* What you are asked to do: Look below for the line that contains "Primulas, pansies, apple", then copy it and each following line exactly, through and including the line that contains "Outfit uomo - Total".

*** Opening Working data ***

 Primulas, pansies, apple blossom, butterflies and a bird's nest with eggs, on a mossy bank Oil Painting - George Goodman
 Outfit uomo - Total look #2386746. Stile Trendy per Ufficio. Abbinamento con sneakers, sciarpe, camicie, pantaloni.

*** Closing Working data ***
*** Opening Working data ***

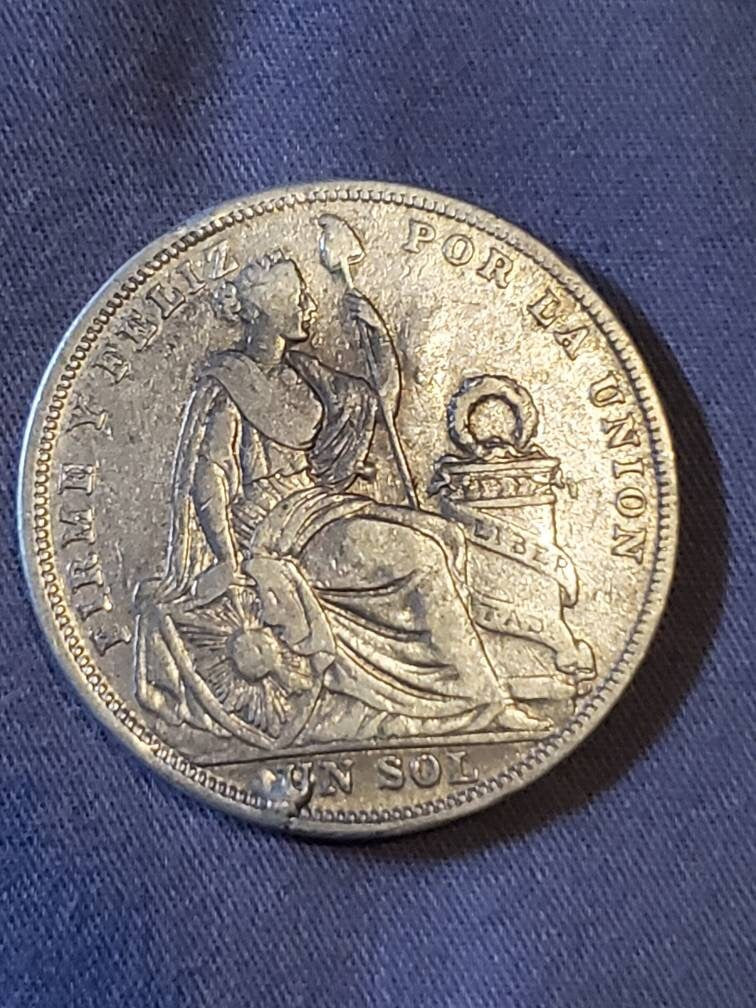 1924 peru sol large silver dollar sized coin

*** Closing Working data ***

* Result of this exercise:
 Primulas, pansies, apple blossom, butterflies and a bird's nest with eggs, on a mossy bank Oil Painting - George Goodman
 Outfit uomo - Total look #2386746. Stile Trendy per Ufficio. Abbinamento con sneakers, sciarpe, camicie, pantaloni.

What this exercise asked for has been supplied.